La proposition-provocation d'un journaliste de la sphère anglophone (14/12/2013, mise à jour le 15)

Benoît a eu la grâce étonnante de garder le silence quand les médias s'amourachaient du Pape François. Il n'a pas réagi - en public en tout cas - quand le monde a décidé que l'humilité et la chaleur de François offraient un contraste frappant avec lui, et quand tout le monde a insinué que, contrairement à l'adorable François, Benoît était une sorte de réactionnaire ego-maniaque, alors qu'en fait, il est le contraire.

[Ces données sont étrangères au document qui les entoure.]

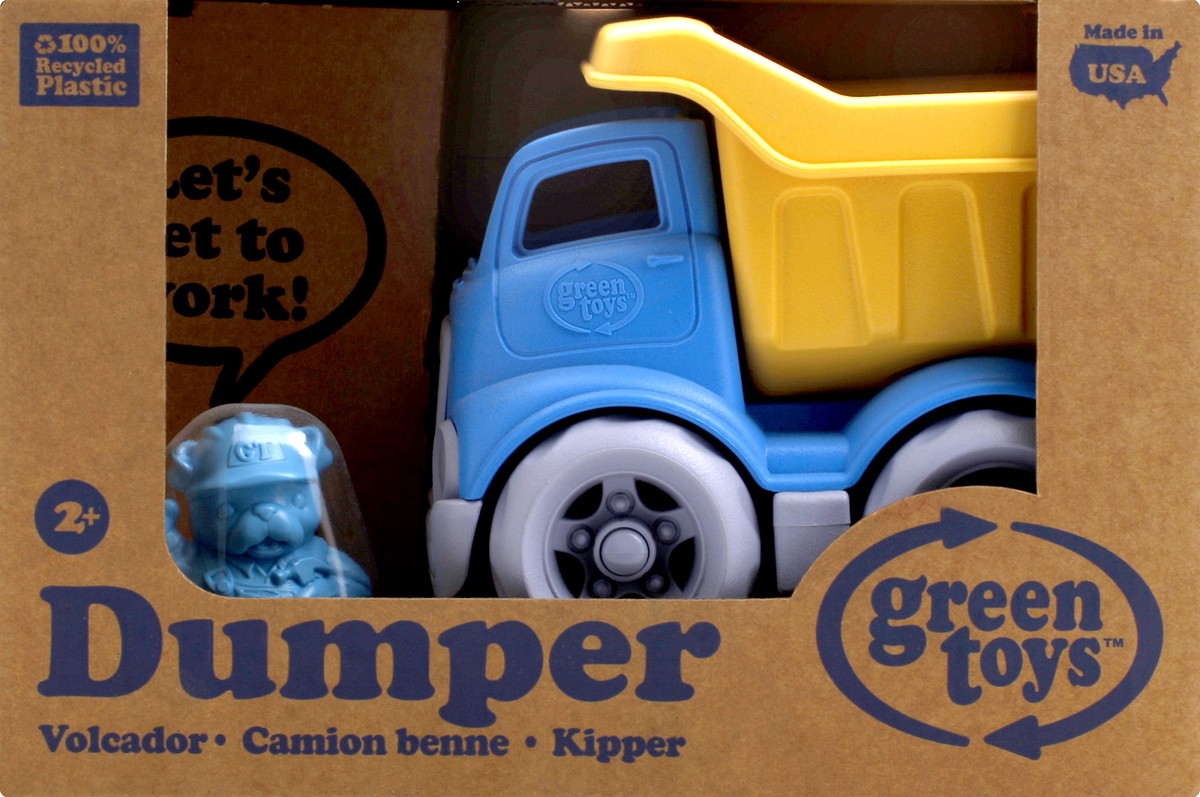 slide 5 of 6, Green Toys Dumper Construction Truck Toy - Blue And Yellow, 1 ct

L'auteur, Freddy Gray est rédacteur en chef au journal conservateur anglais "The Spectator".
Un bon article, à contre courant.
A une réserve près, mais elle est de taille: je ne supporte pas l'idée que parmi les raisons de ce choix, il y ait le retrait de Benoît XVI. Heureusement, il y en a d'autres, bien meilleures.
Pour moi, depuis 8 ans, Benoît XVI a été chaque année «l'homme de l'année», et il y avait à chaque fois une foule de raisons objectives qui n'avaient rien à voir avec une quelconque papomania de ma part: en toute modestie, j'ose avancer que chaque page de mon site a été une tentative de les illustrer, contre les médias dominants.

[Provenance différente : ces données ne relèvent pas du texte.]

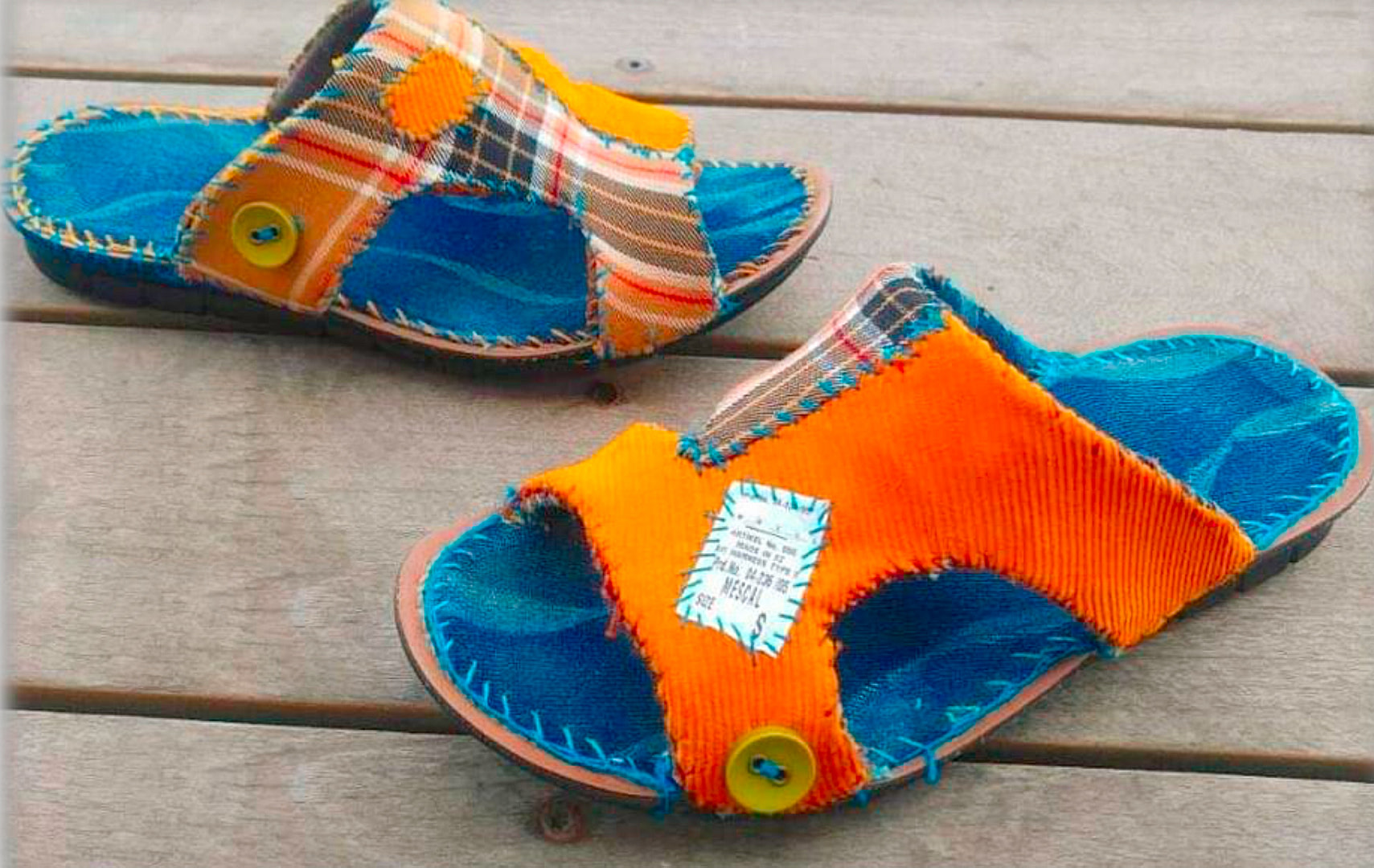 Match - Textilemann Upcycled Patchwork Sandals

Je pense tout particulièrement à 2006, avec l'extraordinaire et prophétique (pas seulement par rapport à l'Islam, ce qui arrangerait certains!) discours de Ratisbonne, qui rappelait le rapport inaliénable entre la foi et la raison, et osait souligner l'apport de la culture grecque à la foi chrétienne [voir en particulier Il y a sept ans, Ratisbonne (3) et Il y a sept ans Ratisbonne (7)]. A 2009, avec le voyage en Terre Sainte comme humble pélerin de paix, puis celui en Afrique, comme réconciliateur, évangélisateur, porteur d'espoir, quand les médias n'ont retenu que le discours (lui aussi prophétique, et pour le déformer) sur le préservatif. A 2011, avec les JMJ de Madrid, et le million de jeunes à genoux en silence sur le terrain de l'aérodrome des 4 vents dévasté par un gigantesque orage. Et à 2012, avec encore un pélerinage pour la paix, d'un grand courage, y compris physique, au Liban cette fois, alors que tout avait été fait par le Système pour le dissuader de s'y rendre, jusqu'à l'intimidation et le mensonge.
Evènements majeurs tous évacués par les médias, et même l'Eglise, redimensionnés comme simples faits divers.

Mais, nous le savons, le Bien ne fait pas de bruit, et les grandes choses se passent dans le silence, c'est Benoît XVI lui-même qui nous l'a rappelé, encore tout récemment lors de son dernier "hommage à l'Immaculée", le 8 décembre 2012.

     

Pourquoi la personne de l'année de Time devrait être le pape Benoît ...
Texte original en anglais: blogs.spectator.co.uk/freddy-gray (ma traduction)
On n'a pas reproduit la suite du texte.